Terkejut dengan tindakannya yang tiba-tiba, dia berjuang untuk melompat.
"Kau ingin jatuh dan kakimu yang lain terkilir?" dia berbisik di telinganya.
Luo Qing Yun segera menjadi patuh, dengan patuh membiarkannya memeluknya. Hanya saja jantungnya berdebar kencang, seolah-olah dia bisa melompat keluar dari dadanya kapan saja.

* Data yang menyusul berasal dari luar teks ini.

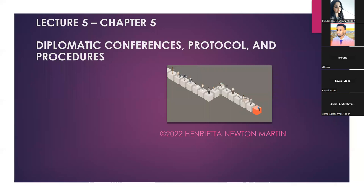Today's topics are highly significant for your exams, from an examination point of view and also for your general understanding. I'll be covering two chapters altogether. So I think we will begin now.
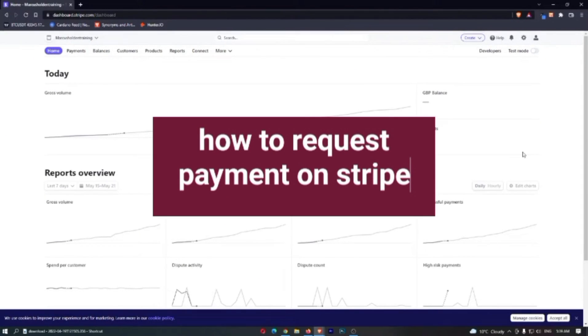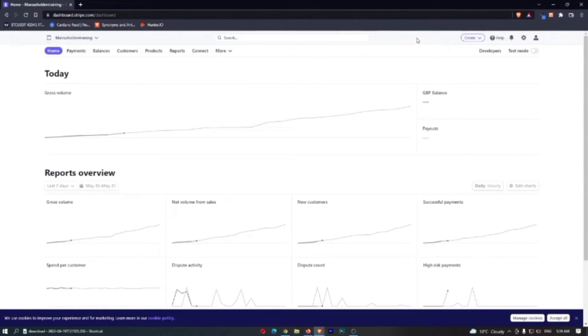Hey guys, so how do you request a payment link on Stripe? Well, it's going to be really easy, so just bear with me on this one. There's a bunch of options here, and I want you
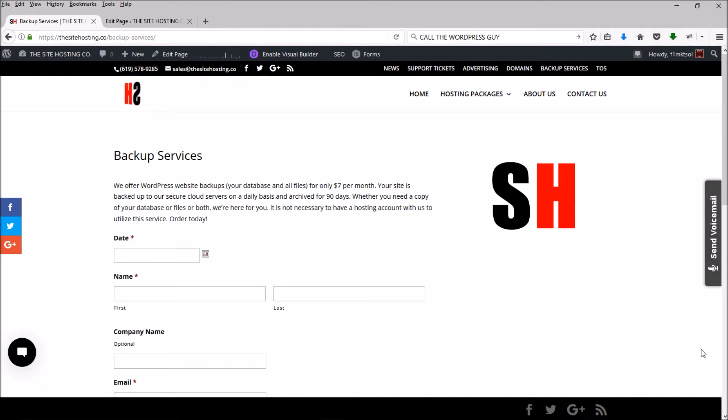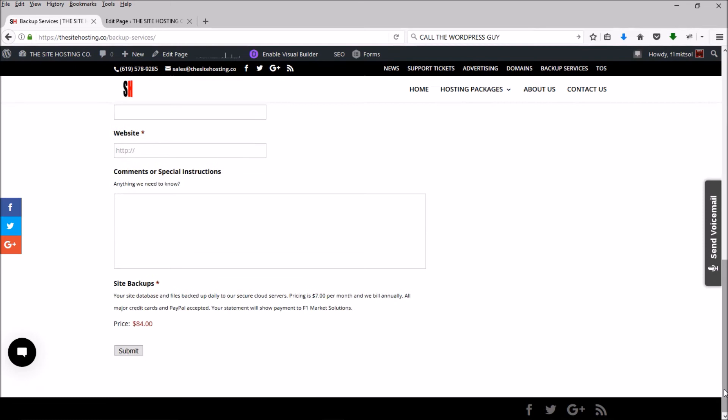And there we go. The footer is now stuck to the bottom. That's all there is to it. Thanks for watching.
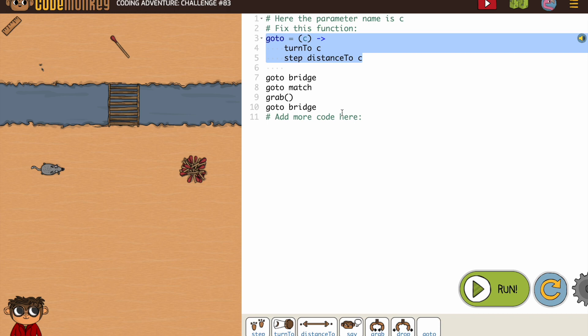Now we need to add some more code. Let's work through this. We're going to go to the bridge, go to the match, grab it, then go back to the bridge.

Su Chen Hao membawanya keluar dari lift dan langsung memasuki kamar presidensial.
Qiu Ye sedang makan sarapan di samping. Melihat pemandangan di depannya, dia tercengang, mulutnya terbuka lebar, mampu menelan sebutir telur.
"Ambil kantong esnya." Su Chen Hao menempatkan Luo Qing Yun di sofa dan berbalik untuk melihat Qiu Ye yang tercengang dan menginstruksikan.
Qiu Ye kembali ke dunia nyata dan segera pergi ke lemari es untuk menemukan kantong es. Saat dia memikirkan apakah dia harus memberikan kantong es itu kepada Luo Qing Yun untuk dia terapkan pada dirinya sendiri, atau apa pun, Su Chen Hao telah mengulurkan tangannya.
Sebelum Qiu Ye bisa mengungkapkan ekspresi terkejut, dia melihat Su Chen Hao berlutut di tanah dengan satu kaki dan berlutut di kaki lainnya. Seluruh tubuhnya berjongkok di depan Luo Qing Yun, dengan hati-hati melepas sepatu hak tinggi di kakinya yang terluka.
Apa yang terjadi?
Chief Executive Officer yang maha kuasa dari keluarganya benar-benar berlutut di depan kepala pelayan kecil dan membantunya mengoleskan kantong es.
Kemungkinan ini terjadi adalah nol, tapi sekarang tepat di depannya.
Dia tidak bisa mempercayai matanya!
"Hiss ..." Perasaan dingin yang tiba-tiba membuat tubuh Luo Qing Yun bergetar ringan, dan pergelangan kakinya, yang terbakar karena panas, langsung terasa jauh lebih baik.
"Masih sakit?" Mengangkat matanya, pupil hitam pekatnya seperti permata yang luar biasa saat mereka terpancar dengan cahaya redup.
Luo Qing Yun bertemu tatapannya dan linglung selama setengah detik. Dia mengangguk, lalu menyadari sesuatu dan buru-buru menggelengkan kepalanya, "Tidak ... Tidak terlalu, oke ... "Jauh lebih baik."

Leave a Reply

View more » View more » View more »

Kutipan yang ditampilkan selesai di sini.